La liste publiée hier - avant la réunion des ministres des Finances et banquiers centraux du G20 ce week-end à Mexico - inclut entre autres les groupes français BNP Paribas, Crédit agricole, BPCE et Société Générale. BNP Paribas figure ainsi, avec Barclays, dans la catégorie exigeant un coussin de 2,0% des actifs, Bank of America, Credit Suisse et UBS parmi celle exigeant un coussin de 1,5%, alors que le Crédit Agricole, BPCE et la Société Générale figurent pour leur part dans un groupe de 14 banques censées constituer un coussin de fonds propres représentant 1% des actifs pondérés des risques.

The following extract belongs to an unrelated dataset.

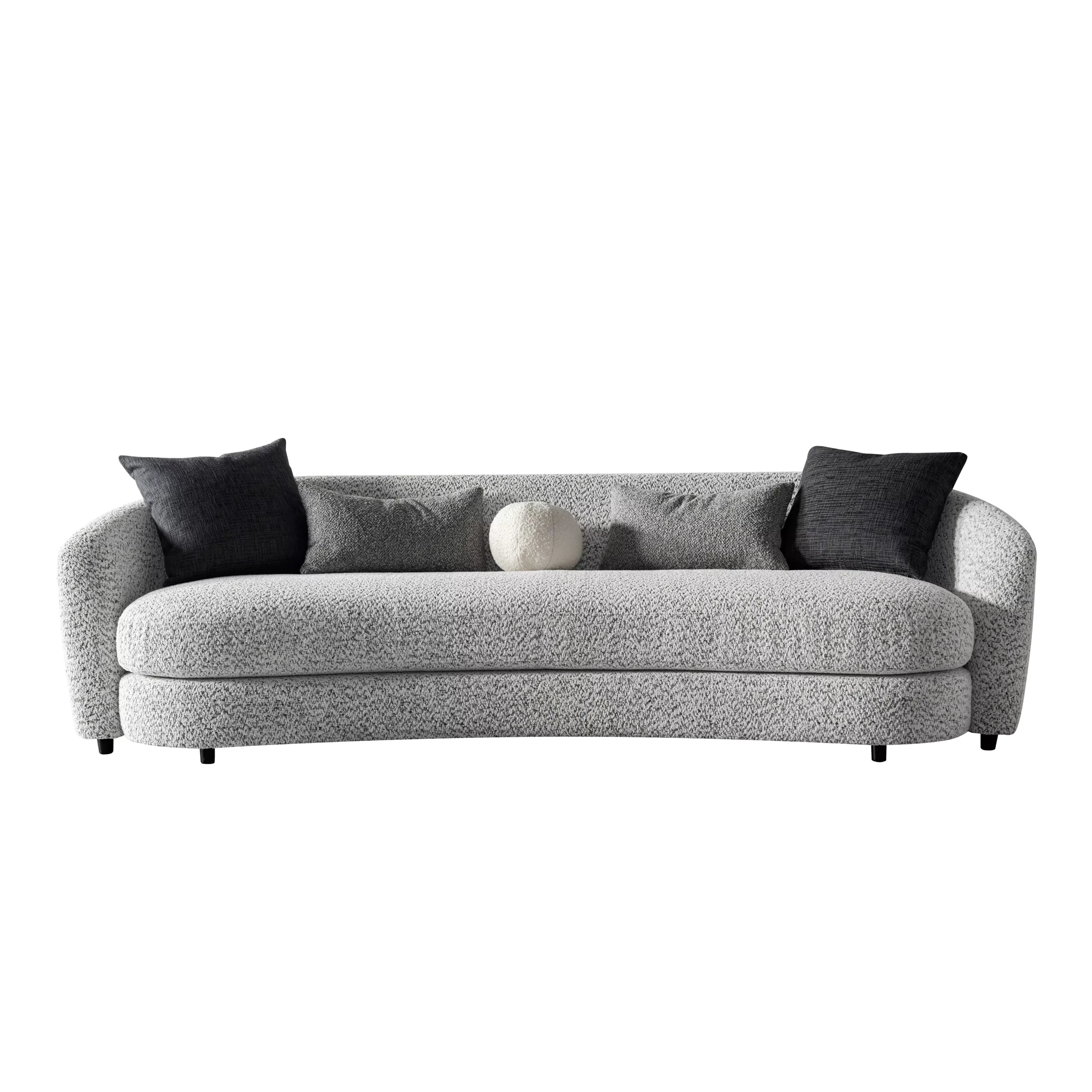 Ossona 4seater 2 United Furniture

Par rapport à la première liste publiée en novembre 2011 en marge du sommet du G20 de Cannes et qui comprenait 29 établissements, deux banques ont été ajoutées: BBVA et Standard Chartered qui figure dans le premier groupe avec un coussin exigé de 1%. Dans le même temps, trois autres ont été retirées de la liste: Dexia, sous le coup d’un plan de sauvetage franco-belge, mais aussi Commerzbank et Lloyds, « rétrogradées dans leur importance systémique globale», selon le FSB. Avec ces changements, la liste est ainsi ramenée à 28 établissements jugés d'«importance systémique globale» (G-SIB).
Autre changement de taille par rapport à la première liste : Bank of America a rétrogradé dans la catégorie inférieure par rapport à l’an dernier, alors que dans le même temps Deutsche Bank connaissait le sort opposé. «Toutes choses égales par ailleurs, cette liste limite les résultats potentiels pour Citigroup, JPMorgan et Deutsche Bank comparés à Bank of America qui bénéficie d’un avantage comparatif» estime David Kass, professeur à l’Université du Maryland cite par Bloomberg. RBS sera soumise à un coussin de 1,5%, contre 1% estimée il y a un an.